Exercise goal:
Make an exact copy, from the records below, of the lines from the line containing "Gold & Clear Rod Chandelier-DWHOME" to the line containing "3 Pack Screen", both lines included, excluding pictures.

──────── Dataset extract ────────

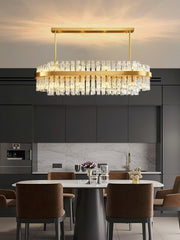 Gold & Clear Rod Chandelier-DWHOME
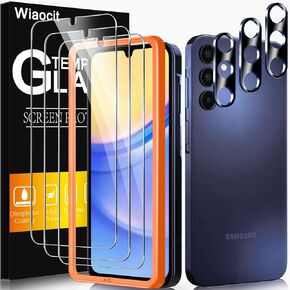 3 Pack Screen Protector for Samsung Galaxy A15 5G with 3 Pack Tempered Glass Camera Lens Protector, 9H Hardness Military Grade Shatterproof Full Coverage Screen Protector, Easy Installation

────────
──────── Dataset extract ────────

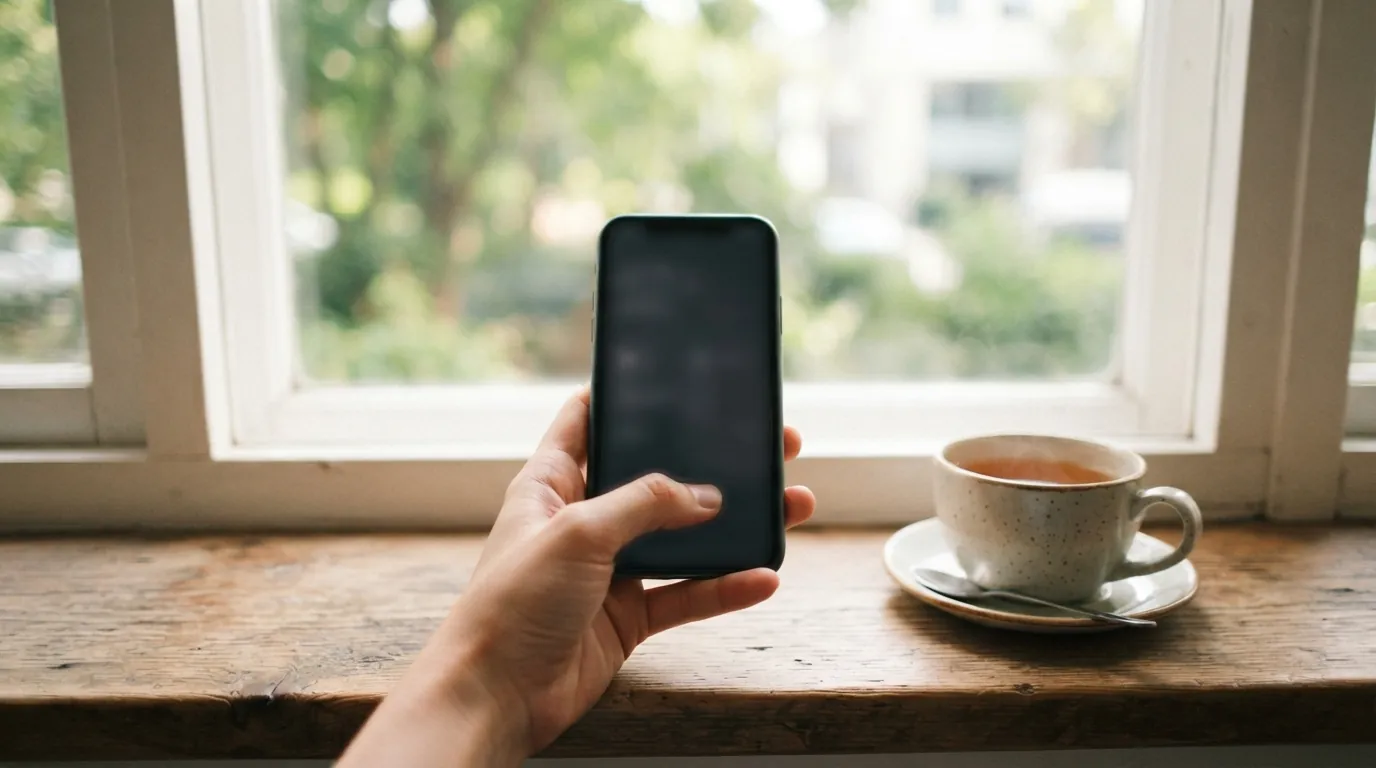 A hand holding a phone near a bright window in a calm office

────────

Task response:
 Gold & Clear Rod Chandelier-DWHOME
 3 Pack Screen Protector for Samsung Galaxy A15 5G with 3 Pack Tempered Glass Camera Lens Protector, 9H Hardness Military Grade Shatterproof Full Coverage Screen Protector, Easy Installation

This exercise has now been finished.